Esri / gis-tools-for-hadoop

The GIS Tools for Hadoop are a collection of GIS tools for spatial analysis of big data.
http://esri.github.io/gis-tools-for-hadoop/
Apache License 2.0
519 stars 254 forks source link

'Unexected error: [Errno 11004] getaddrinfo failed' Error while Migrating GDB Feature Class to HDFS using ArcGISTools #40

Open mahendersg opened 8 years ago

mahendersg commented 8 years ago

We are facing issue while migrating GDB Feature Class to Hadoop HDFS using GIS Tools for Hadoop Geoprocessing tools.

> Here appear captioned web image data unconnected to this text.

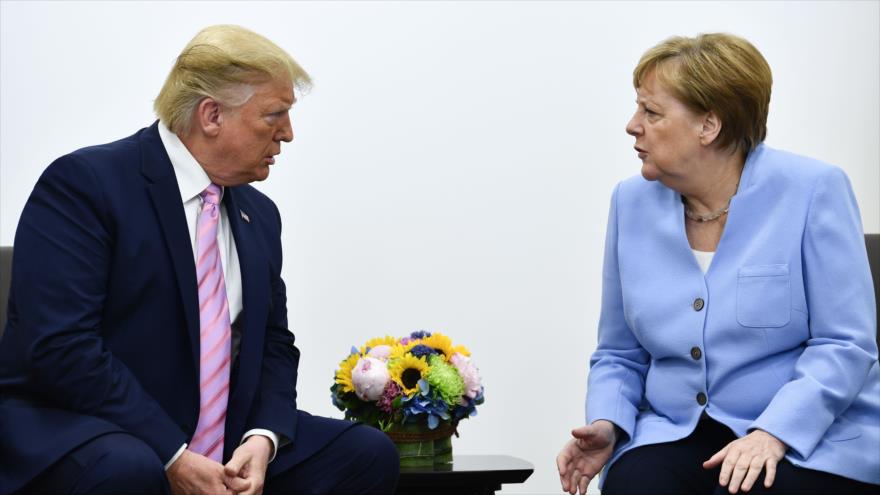 El presidente de EE.UU., Donald Trump, y la canciller alemana, Angela Merkel, en la Cumbre del G20 en Osaka (Japón), 28 de junio de 2019. (Foto: AFP)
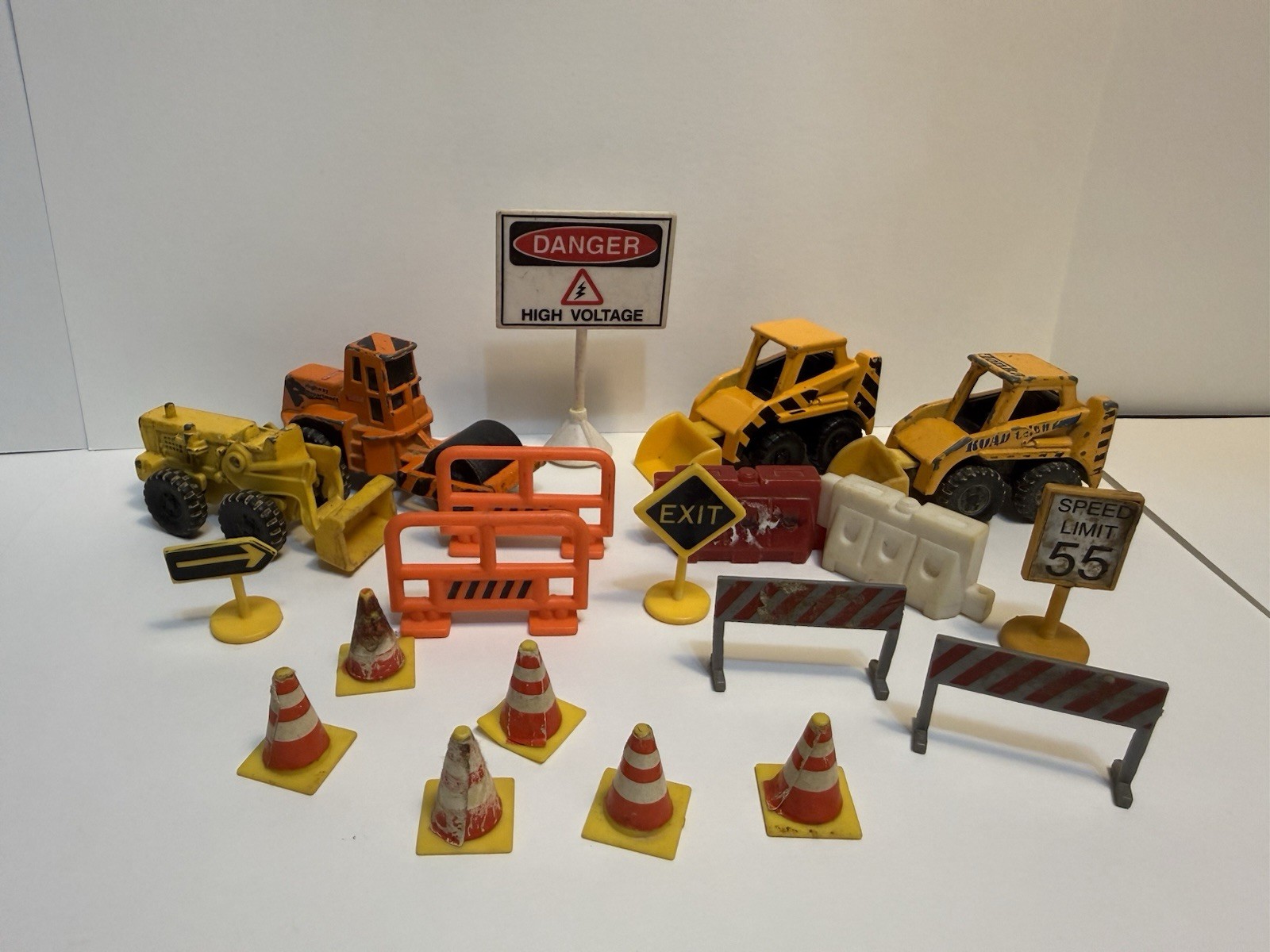 Construction 1:64 Diecast Vehicles & Road Signage/Cones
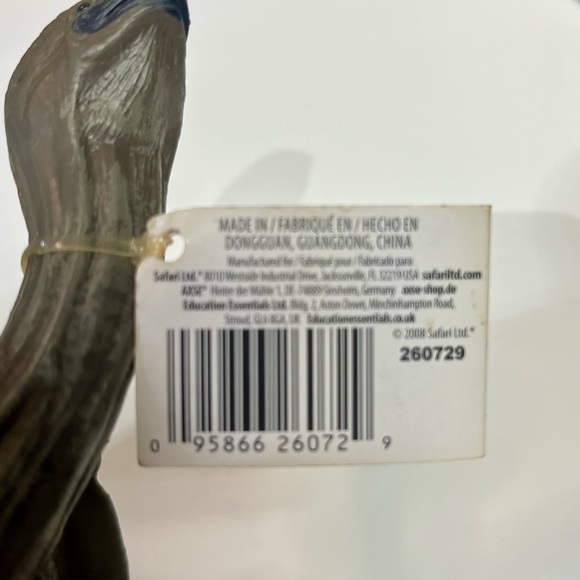 Safari Ltd. Incredible Creatures Tortoise 🐢 
Handsome Rubberized likenesss. Fun! - Picture 10 of 11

Following is the system environment details being used :

ArcGIS Client : 10.3.1/10.2.2 Hadoop version : hadoop 2.4.1 Python version : python 2.7.5 ArcSDE: 10.2.2 RDBMS: Oracle 11.2.0.4 ClusterInfo: MasterNode(Nos.1),Secondary Node(Nos.1),DataNodes(Nos.8)

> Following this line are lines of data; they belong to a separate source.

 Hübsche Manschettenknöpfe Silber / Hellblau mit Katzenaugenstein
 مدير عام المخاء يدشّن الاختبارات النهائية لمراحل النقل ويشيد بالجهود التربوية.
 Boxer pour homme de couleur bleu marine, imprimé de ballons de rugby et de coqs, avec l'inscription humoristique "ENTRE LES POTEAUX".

Following steps followed to install and configure ArcGIS tools for hadoop environment:

' a) Added the ‘geo processing tools for hadoop' Downloaded from GIThub weblink 'https://github.com/Esri/gis-tools-for-hadoop' in hadoop.

b) Enabled webhdfs in hdfs by editing hdfs-site.xml in /opt/hadoop/etc/hadoop/hdfs-site.xml.

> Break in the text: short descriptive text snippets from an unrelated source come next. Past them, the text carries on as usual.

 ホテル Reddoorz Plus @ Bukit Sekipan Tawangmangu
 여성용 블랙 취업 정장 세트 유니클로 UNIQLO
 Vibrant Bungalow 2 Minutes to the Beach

c) Added jar 'spatial-sdk-hadoop.jar' and 'esri – geometry - api.jar' in /opt/hadoop 2.4.1/share/hadoop/tools/lib location of our Hadoop master node.

d) Browse for ArcGIS Geoprocessing tool Tool box having python scripts for Hadoop using ArcCatalog 10.3.1

e) Above step enables hadoop tools for ArcGIS, and converted the feature class into json file using ‘features to json’ feature in hadoop toolbox.

f) ’Copy to hdfs’ Scripting tool in hadoop tool box of ArcGIS has been used in order to copy json files to hdfs.

g) Got Error message 'Unexected error: [Errno 11004] getaddrinfo failed'

Error message after running tool:

_Start Time: Wed Mar 09 18:43:44 2016 Running script CopyToHDFS... Unexpected error : [Errno 11004] getaddrinfo failed Traceback (most recent call last): File "", line 184, in execute File "D:\GIS tools for hadoop\geoprocessing-tools-for-hadoop-master\geoprocessing-tools-for-hadoop-master\webhdfs\webhdfs.py", line 91, in copyToHDFS fileUploadClient.request('PUT', redirect_path, open(source_path, "rb"), headers={}) File "C:\Python27\ArcGIS10.2\Lib\httplib.py", line 973, in request self._send_request(method, url, body, headers) File "C:\Python27\ArcGIS10.2\Lib\httplib.py", line 1007, in _send_request self.endheaders(body) File "C:\Python27\ArcGIS10.2\Lib\httplib.py", line 969, in endheaders self._send_output(message_body) File "C:\Python27\ArcGIS10.2\Lib\httplib.py", line 829, in _send_output self.send(msg) File "C:\Python27\ArcGIS10.2\Lib\httplib.py", line 791, in send self.connect() File "C:\Python27\ArcGIS10.2\Lib\httplib.py", line 772, in connect self.timeout, self.source_address) File "C:\Python27\ArcGIS10.2\Lib\socket.py", line 553, in create_connection for res in getaddrinfo(host, port, 0, SOCKSTREAM): gaierror: [Errno 11004] getaddrinfo failed

We followed all the guidelines and steps specified in following weblinks and references:

https://esri.github.io/gis-tools-for-hadoop/ https://github.com/Esri/gis-tools-for-hadoop/wiki

Please provide the resolution .

randallwhitman commented 8 years ago

Cross-reference: https://github.com/Esri/gis-tools-for-hadoop/issues/22 https://github.com/Esri/geoprocessing-tools-for-hadoop/issues/14

climbage commented 8 years ago

This error is happening during the redirect from the namenode to the datanode that is actually storing the data. You can tell because it has redirect_path in the stack trace.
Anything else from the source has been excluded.